Her own eyes were a light golden brown, about two shades darker than her tumbled hair. Of course, there was no reason to suppose any of that was natural. Gabrel didn’t know what kind of mods a top-level Harmony cosmetic stylist was offering these days, but hair and eye color coordination was probably the least of it.
“I suppose you think you’ll get a fortune in ransom for me? Well, don’t blame me when General Dayvson laughs in your faces.”
“If she’s the wrong one,” growled Jesse, “why shouldn’t we kill her now and save the trouble of keeping her?” He stepped forward so swiftly that he had her by the shoulder, his knife bright against her throat, before anyone else could react.
“Oh, she’s Dayvson’s daughter, all right,” said Gabrel tiredly. “She just doesn’t know when to give up. Just like her father. Stand down, Jesse. Or - if you feel an uncontrollable urge to use that knife - you might cut her hands free.”
She yanked her bound hands back when Jesse touched her wrist. “Don’t be afraid,” he said. “Yet.”
“I’m not afraid, I just don’t want you destroying the only sash I’ve got! Can’t somebody just untie it?” She extended her hands to Gabrel, who looked at Patrik’s work with dismay. Patrik had wound the soft, voluminous silky fabric several times around the girl’s wrists and had finished with hard, tight knots that sank into the fabric.
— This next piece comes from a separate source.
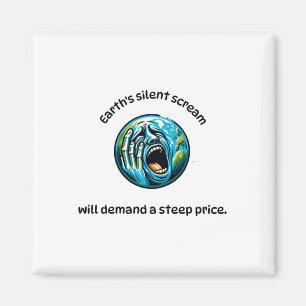 Earth's Silent Screams Sticker Magnet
With a conscious effort, he did not limp for the three steps that brought him close enough to work on the sash. His knee flamed white-hot agony on the second step, but he could live with that; better than appearing a cripple before this rude, scornful young woman.
He had to stand quite close to her to pick at the knots; close enough to notice that although she smelled primarily of sweaty human female, there was also a hint of a gentle floral fragrance about her. Wisps of her loosened fair hair brushed his face.
His hands were not shaking, it was just difficult loosening the knots. He bent his head over them and concentrated on the sash, not on the fine white hands and delicate wrists it bound. Patrik had made this mess, it would serve him right to have to fix it. But Patrik was young, not so steady, and he might be influenced by the scent, the closeness. He, being more mature, could take it in stride… She was tall for a woman, just his height, presumably staring out over his bent head while he worked… There went the last knot.
Freed, she shook out her wrists for a moment, then lifted her hands and tried to run her fingers through the long hair that rippled in the sunlight where it wasn’t hopelessly tangled. “I don’t suppose anyone has a comb? No? Why am I not surprised?”
“Us bumpkins don’t comb our hair much,” Patrik said.
“And neither, it seems, will I. Until you come to your senses and send me back. Kidnapping me was a very big mistake, you know.”